In the successive aggregation of units requisite for the representation of magnitudes, the imagination of itself advances ad infinitum without let or hindrance–understanding, however, conducting it by means of concepts of number for which the former must supply the schema. This procedure belongs to the logical estimation of magnitude, and, as such, is doubtless something objectively final according to the concept of an end (as all measurement is), but it is hot anything which for the aesthetic judgement is final or pleasing. Further, in this intentional finality there is nothing compelling us to tax the utmost powers of the imagination, and drive it as far as ever it can reach in its presentations, so as to enlarge the size of the measure, and thus make the single intuition holding the many in one (the comprehension) as great as possible. For, in the estimation of magnitude by the understanding (arithmetic), we get just as far, whether the comprehension of the units is pushed to the number 10 (as in the decimal scale) or only to 4 (as in the quaternary); the further production of magnitude being carried out by the successive aggregation of units, or, if the quantum is given in intuition, by apprehension, merely progressively (not comprehensively), according to an adopted principle of progression. In this mathematical estimation of magnitude, understanding is as well served and as satisfied whether imagination selects for the unit a magnitude which one can take in at a glance, e.g., a foot, or a perch, or else a German mile, or even the earth’s diameter, the apprehension of which is indeed possible, but not its comprehension in, sit intuition of the imagination (i.e., it is not possible by means of a comprehension aesthetica, thought quite so by means of a comprehension logica in a numerical concept). In each case the logical estimation of magnitude advances ad infinitum with nothing to stop it.

The mind, however, hearkens now to the voice of reason, which for all given magnitudes–even for those which can never be completely apprehended, though (in sensuous representation) estimated as completely given–requires totality, and consequently comprehension in one intuition, and which calls for a presentation answering to all the above members of a progressively increasing numerical series, and does not exempt even the infinite (space and time past) from this requirement, but rather renders it inevitable for us to regard this infinite (in the judgement of common reason) as completely given (i.e., given in its totality).

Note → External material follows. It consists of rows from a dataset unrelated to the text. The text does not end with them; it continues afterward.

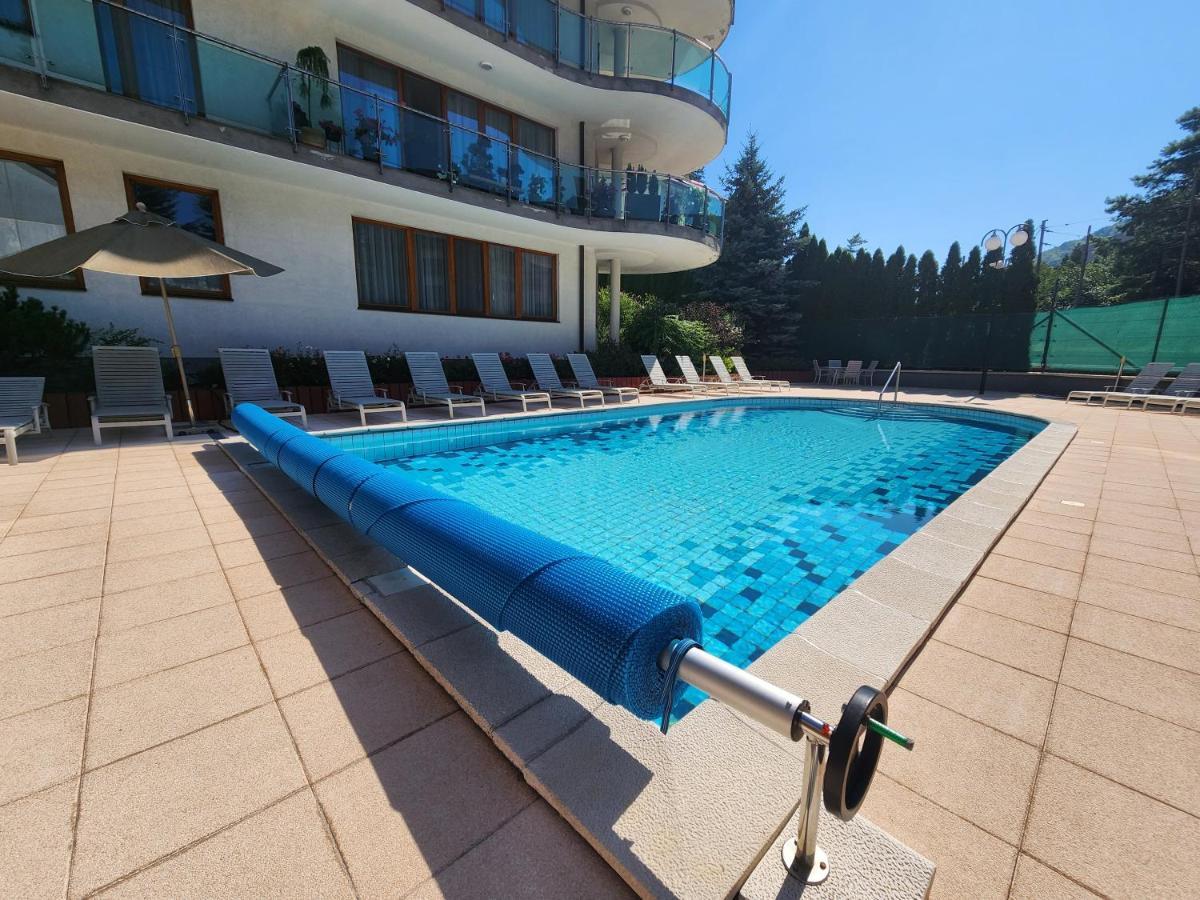 Kristoff Plaza Trencianske Teplice Apartamento Trenčín Exterior foto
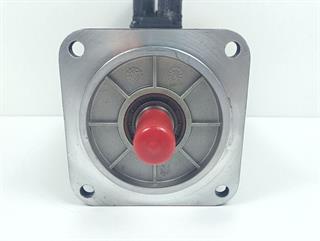 ik-industry/pd/rexrop-indramat-mhd071b-035-pg2-un-servomotor-nmax-4500-tested-neuwertig-62520-3.jpg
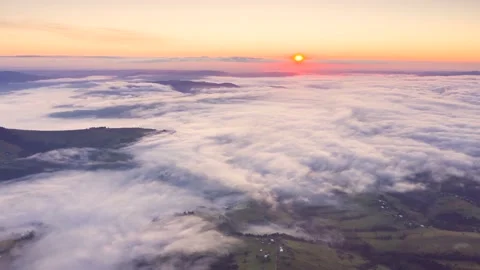 Gentle misty mountains  timelapse. Stock Footage 171477257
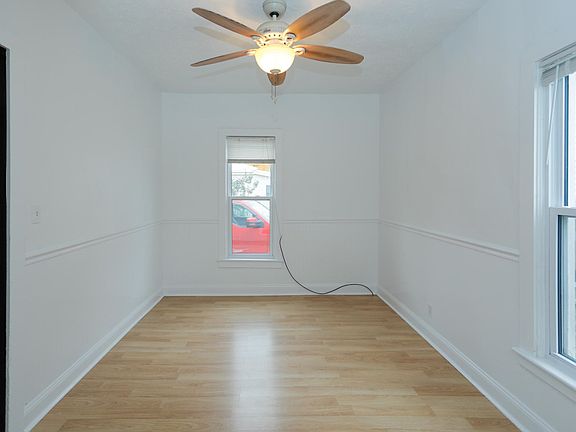 309 Court St-105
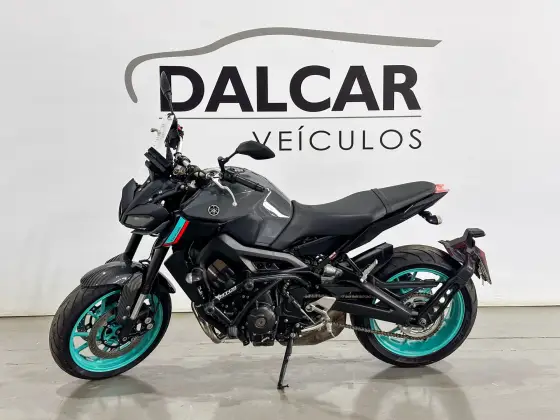 YAMAHA MT-09 YAMAHA MT-09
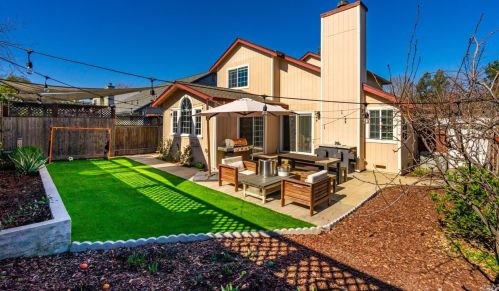 1887 Commons Ct, Windsor CA  95492-9593 exterior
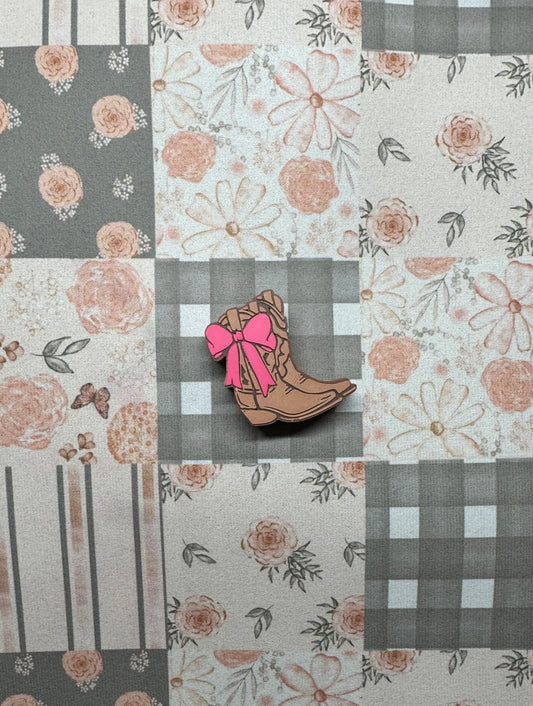 Boots & Bows Straw Topper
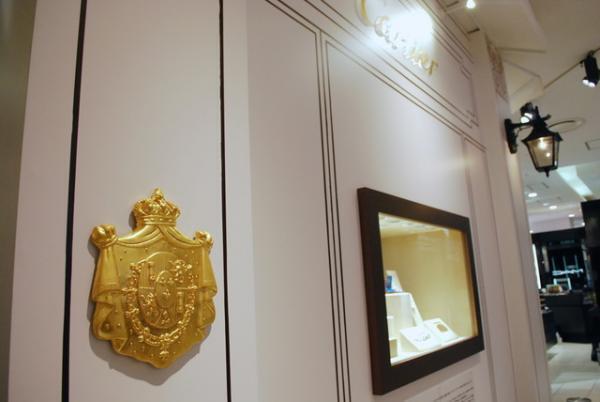 カルティエ貴重なアーカイブ32点と共に新宿伊勢丹で新作ジュエリー披露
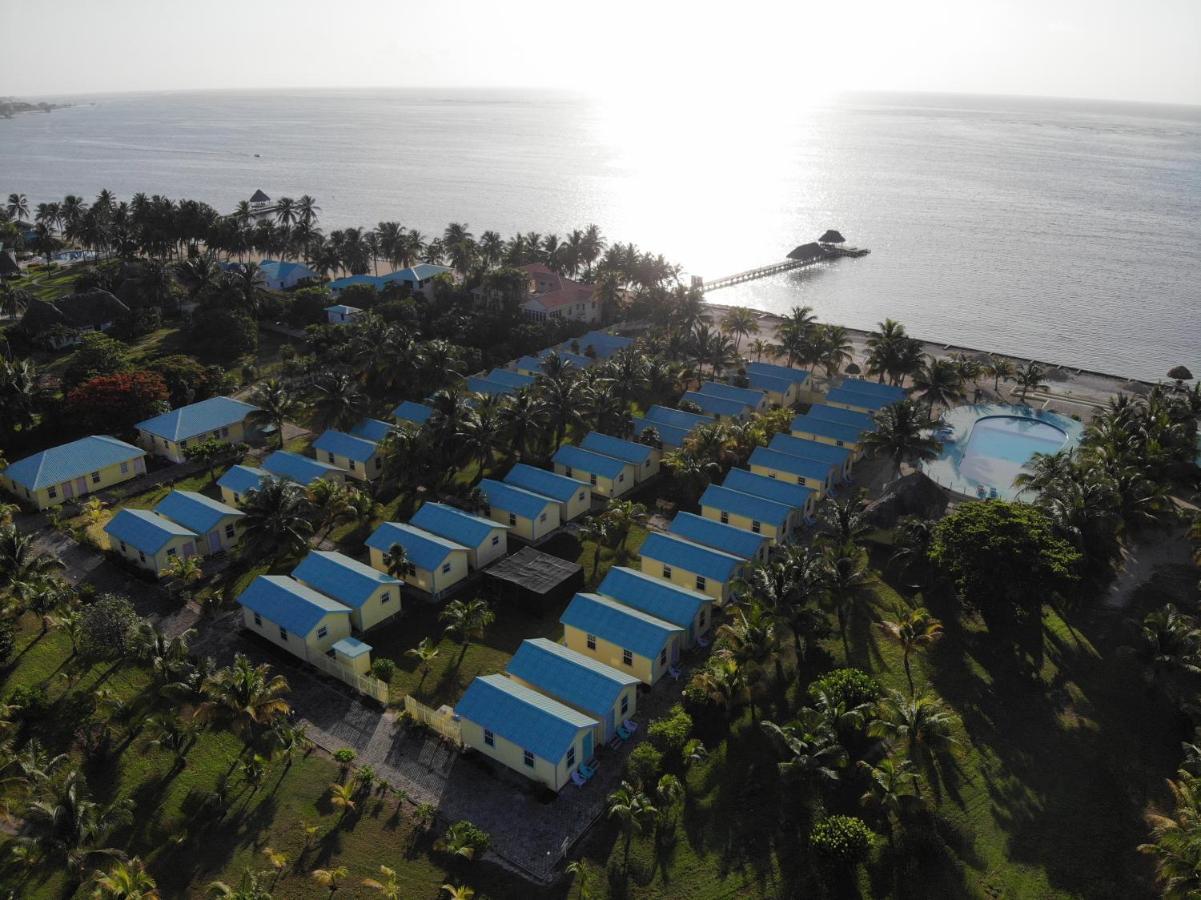 Royal Caribbean Resort San Pedro  Exterior photo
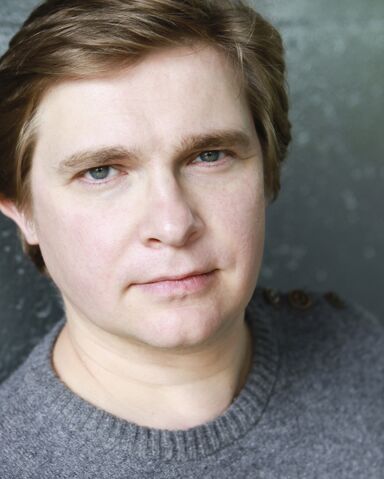File:JonathanBroadbent.jpg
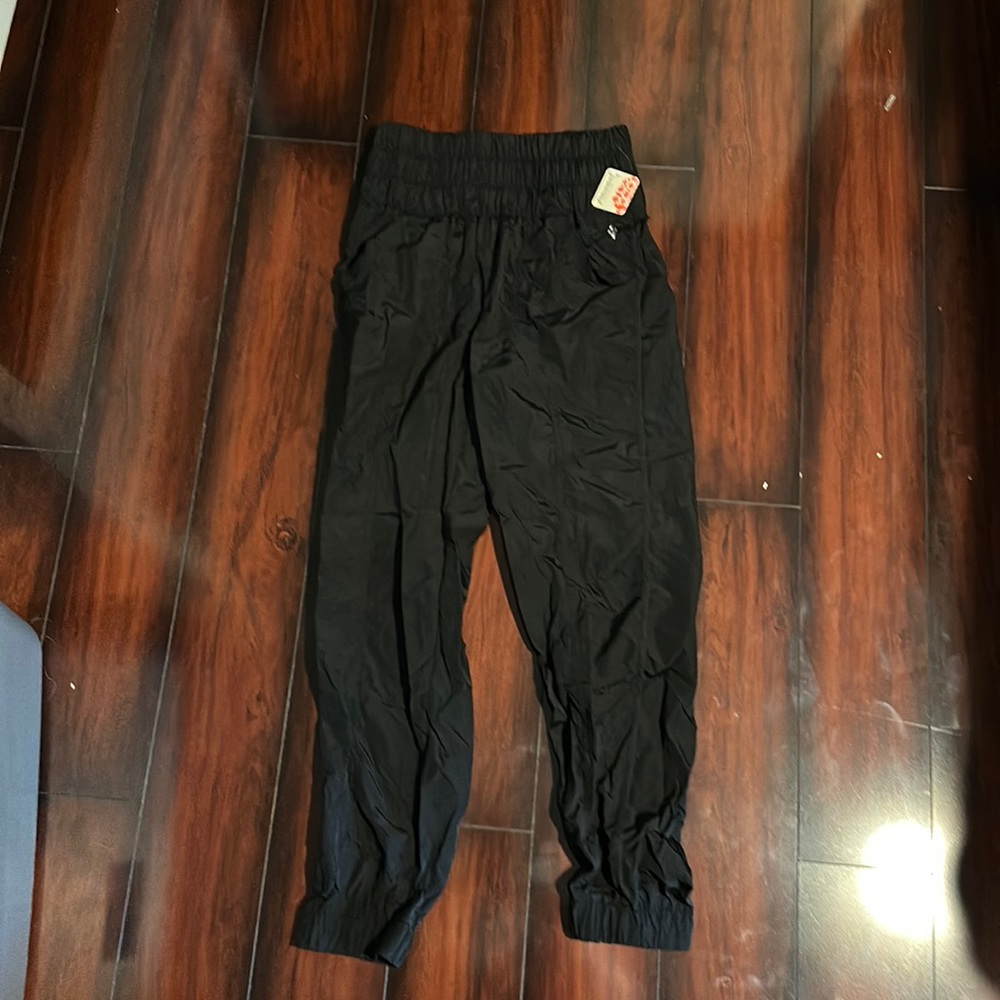Free People Movement NEW WITH TAGS NWT Women’s Black High Rise Parachute Pant XS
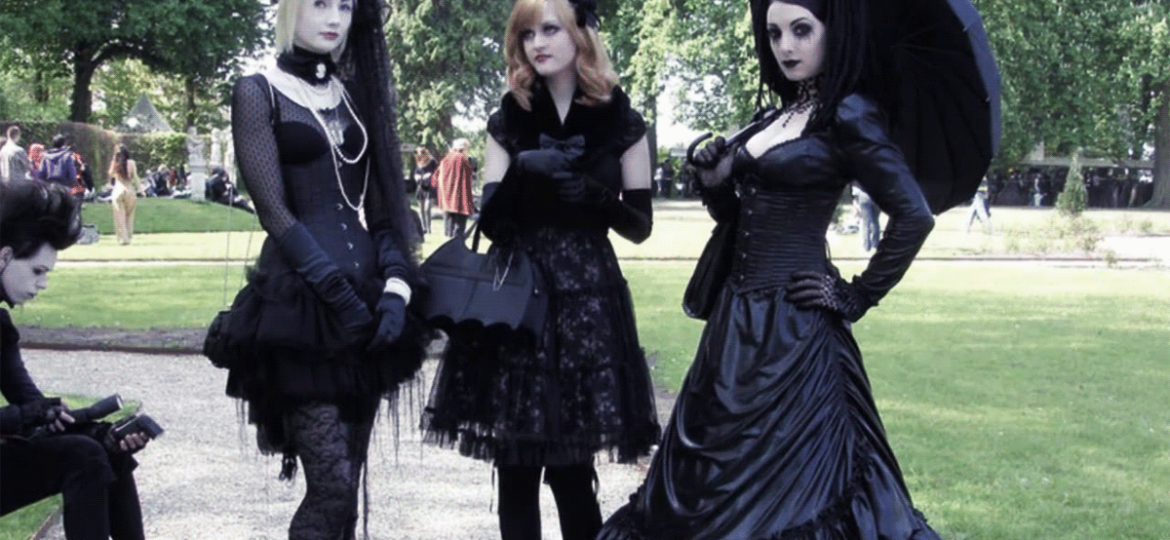 wear-gothic-clothing-for-getting-a-good-look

But the infinite is absolutely (not merely comparatively) great. In comparison with this all else (in the way of magnitudes of the same order) is small. But the point of capital importance is that the mere ability even to think it as a whole indicates a faculty of mind transcending every standard of sense. For the latter would entail a comprehension yielding as unit a standard bearing to the infinite ratio expressible in numbers, which is impossible. Still the mere ability even to think the given infinite without contradiction, is something that requires the presence in the human mind of a faculty that is itself supersensible. For it is only through this faculty and its idea of a noumenon, which latter, while not itself admitting of any intuition, is yet introduced as substrate underlying the intuition of the world as mere phenomenon, that the infinite of the world of sense, in the pure intellectual estimation of magnitude, is completely comprehended under a concept, although in the mathematical estimation by means of numerical concepts it can never be completely thought. Even a faculty enabling the infinite of supersensible intuition to be regarded as given (in its intelligible substrate), transcends every standard of sensibility and is great beyond all comparison even with the faculty of mathematical estimation: not, of course, from a theoretical point of view that looks to the interests of our faculty of knowledge, but as a broadening of the mind that from another (the practical) point of view feels itself empowered to pass beyond the narrow confines of sensibility.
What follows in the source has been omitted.